***** EXCERPTED RECORDS

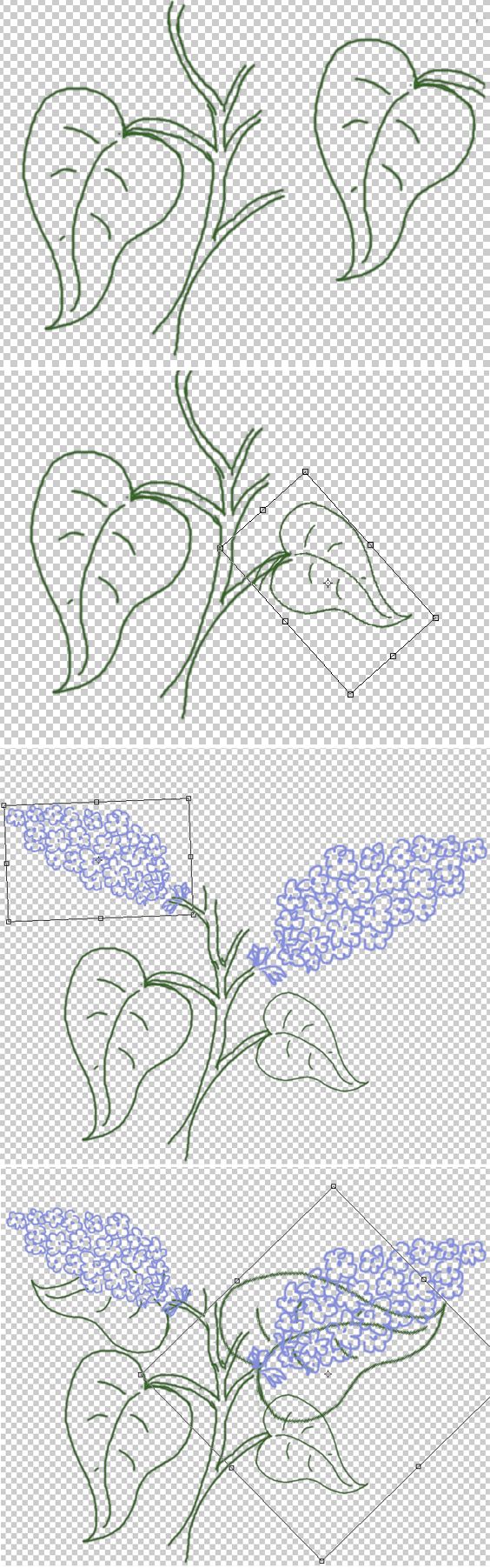 Creation of Syringa - Lilac: Step 1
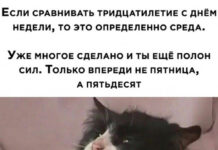 Весёлые картинки # 09.03.2021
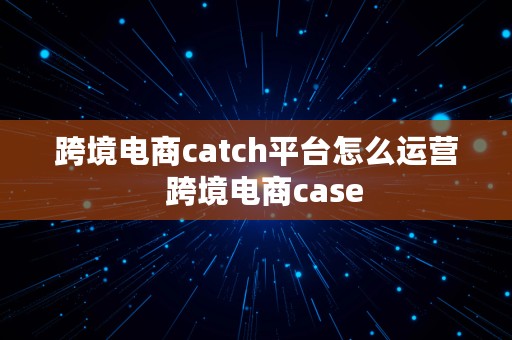 跨境电商catch平台怎么运营  跨境电商case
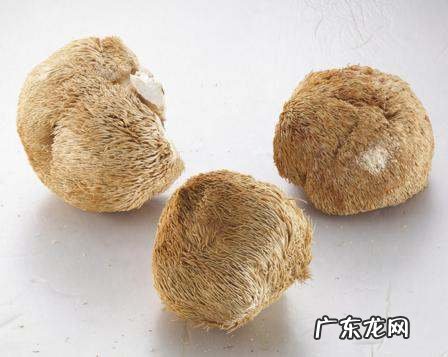 为什么猴头菇嚼不烂,泡了一天一夜的木耳还可以吃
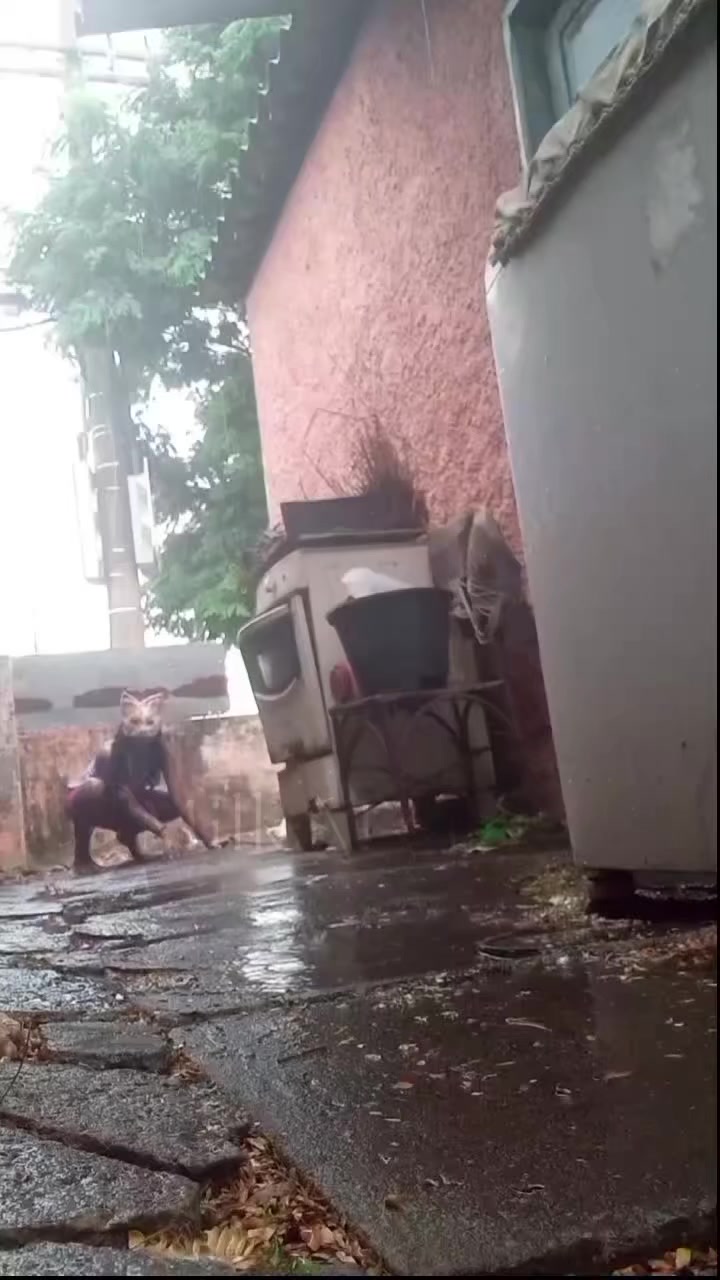 @ᯓ★𝐌♱𝐥𝐤𝐚_𝐒𝐭𝐚𝐫𝐬𓆈🍃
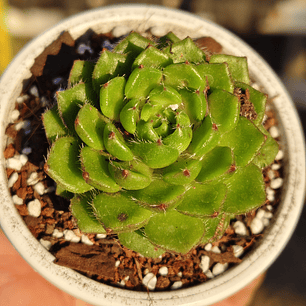 Echeveria setosa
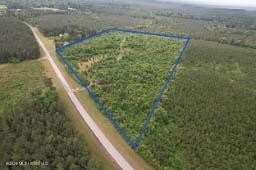29 Acres Hunting Land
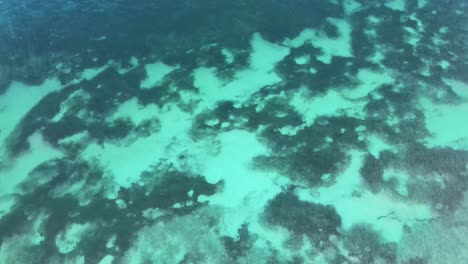 vista aérea del hermoso mar azul claro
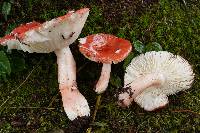 Russula peckii image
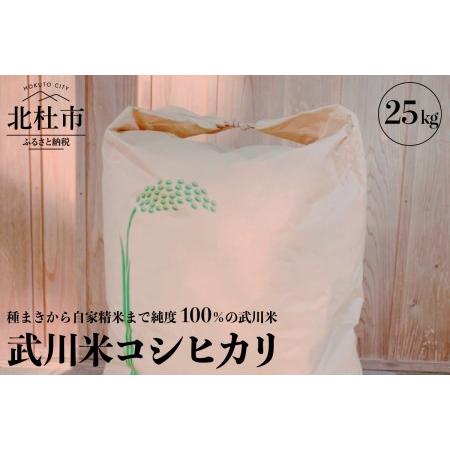ふるさと納税 R5年度米 武川米コシヒカリ 25kg 山梨県北杜市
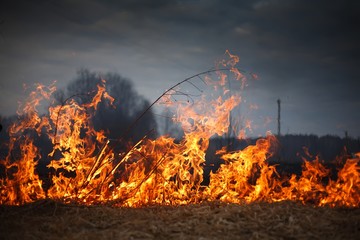Naklejka premium fire grass spring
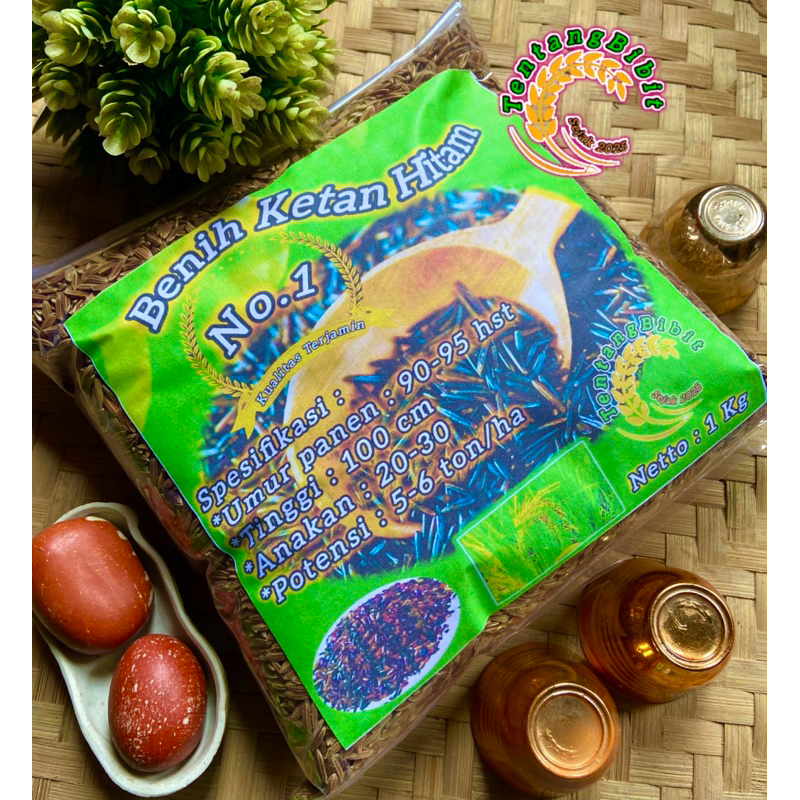 Benih ketan hitam / bibit padi ketan hitam 1 kg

**********

## TASK INSTRUCTIONS
Start at the line that contains "Naklejka premium fire grass spring" and retype every line through the end of the entries above, both ends included. Exclude all pictures.

## THE ANSWER
Naklejka premium fire grass spring
 Benih ketan hitam / bibit padi ketan hitam 1 kg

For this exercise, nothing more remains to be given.